辺りに散らばる糸を操り見えない弓を探す。
弓もそれが分かっているのか糸に触れることもなく、糸に集中し空間把握能力であらゆる角度から探してみても弓の姿を捉えることができない。
「これが……『疾』の型……」
この動きを使えば、更に糸を強化できる。
『糸』は線だ。直線的に投げてもその一撃で相手を殺傷することは難しい。
もう一つの主武器となった『針』も直線的なものだ。
この部分を補強できるかもしれない。
辺りを探りながらも、冬の中で少しずつ型式を使った戦い方が構築されていく。
その線だけで相手を倒すには、数をもって仕掛けを作る必要がある。
糸であれば、捕まえる為の罠や、辺りに張り巡らせて動きを阻害する罠。気づかれないように張った線での殺害等。
針であれば直線的に投げることで傷を負わせることはできるが、一つ一つが一撃としての効果は薄い。
それこそ、針や糸に毒物でも塗っておけば殺傷には足るものになるが、冬はそれを行うことは嫌っていた。
毒物での殺傷は好ましくないと考えていたからだ。
そして、冬がこのあまりにも殺傷能力の低い武器を使っているのにもまた理由がある。
なぜなら、冬は。
「――いくよー」
前触れもなく、声とともに弓の姿が目の前に現れた。
現れた瞬間に一気に溢れ出す殺意。
その殺意を乗せられた脚が、伸びあがって冬を襲う。
「右!」
弓の言葉に反応して、右腕を咄嗟に上げてガードする。
重い衝撃が右腕に走った。
「くっ、この――っ!?」
やっと見つけた弓の姿を逃がさない為に、すぐさま弓の足を掴んだ。
その瞬間、急に右腕にかかる重さが増える。
弓の体は地面に足をつけていなかった。
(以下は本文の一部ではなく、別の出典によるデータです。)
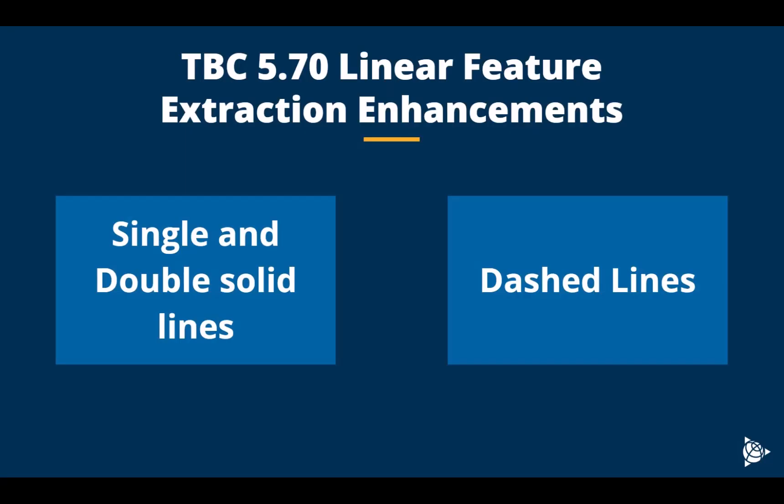In this video, we will be looking at TBC 5.7 linear feature extraction enhancements. We will focus on single and double solid line extractions as well as the dashed line extraction functionality.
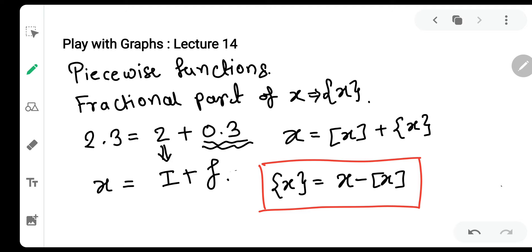Dekhiye, yahan jo GIF(x) hai woh piecewise function hai, hum ne lecture number 13 mein dekh chuke hai. Agar aapne abhi tak nahi dekha, to description box mein Play with Graphs ki puri playlist provide ki hai — aap pehle previous lectures dekhke aaiye. Toh agar GIF(x) ek piecewise function hai, to definitely fractional part bhi ek piecewise function rahega. Toh isko bhi main parts mein split kar deta hoon taki aap samjhe.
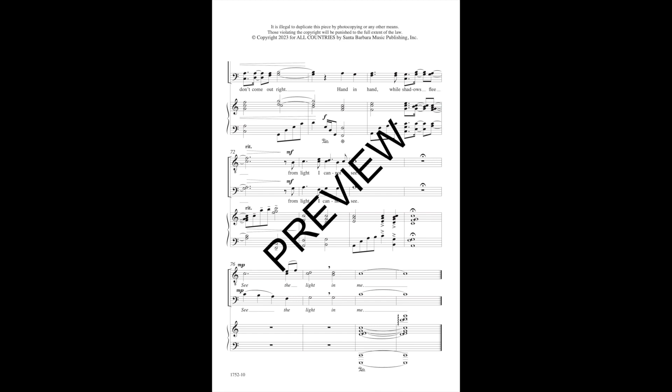From light I cannot see. See the light in me.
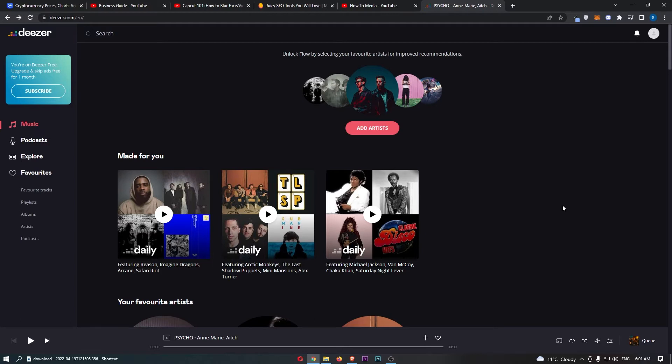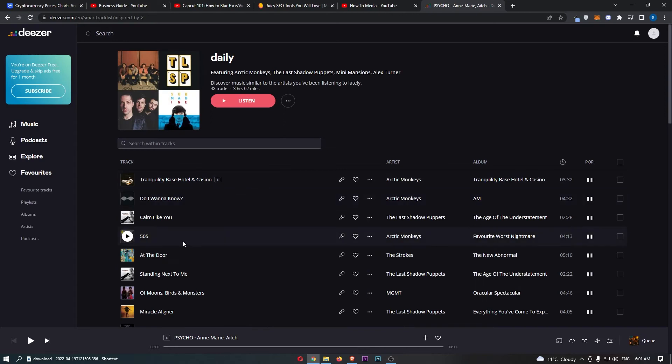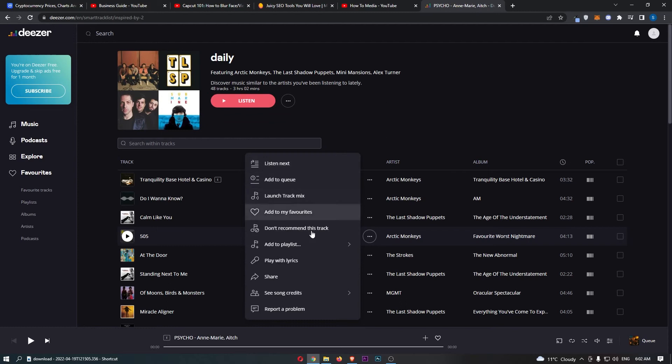To do this, all you need to do is find the track that you would like to add to your cue. For example, let's go for this one right here. Once that song has been located, click on these three dots and that will open up this menu.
反対側の足は、すでに地面から離れて冬を強襲しようとしていた。
「左が行くよっ!」
「っ!?」
その言葉に反応しきれず、頬に固い物体で殴られたような痛みが走った。
瞬時に目を閉じてしまった冬が弓を確認しようと目の前を見る。
ばさばさとスーツが風に舞う音が聞こえ、弓の背中が目の前にあった。
そのスーツが見えなくなり――
「足を払うから!」
――直後。
足に何かが触れる感触を感じた時には、地面の感触が感じられなくなり、視点が変わっていた。
地面に這うように体を沈ませた弓が、冬の足を払ったのだ。
「顎を打つっ!」
声に反応して咄嗟に両手を顎の前へと持っていく。
冬の両手がガードの構えを取る前にすり抜けて顎へと到達したその掌底は、ごつっと脳を揺らす一撃とともに冬の体を更に浮かして吹き飛ばした。
その掌底が発したあまりの急加速に、冬は張り巡らされた糸で動きを無理やり制止させた。きりきりと糸が張り詰め、何本かの糸がその威力を吸収しきれず千切れ飛んだ。
宙に浮くかのように宙吊りとなった冬の前に弓の姿が現れると、高く振り上げられた脚が振り下ろされる。
腹部へと直撃したその一撃は冬を床へと叩きつける。
「『焔』の型での筋力強化……っ」
床へと接触前に糸を使って自由落下する体を制御すると、地面に手をつきその手を軸にしてくるっと一回転して体勢を立て直す。
「止まっていると死ぬよ」
冬の上空から声と共に更に落ちてくる弓。
「だったら、やりますっ!」
「いいよ、おいで」
ただ糸や針で攻撃するだけでは『疾』の型で逃げられる。
ならばと、冬は針を取り出し弓に投げ打った。
弓はその針を脚で払い落すが、その針の穴に糸を通して辺りに結界を張り、落下してくる弓の周りに張った結界の傍で上下左右から糸の槍を現出させ――
『
――槍を一気に弓へと撃ち出した。
冬の今持てる最大の技が、弓へと向かう。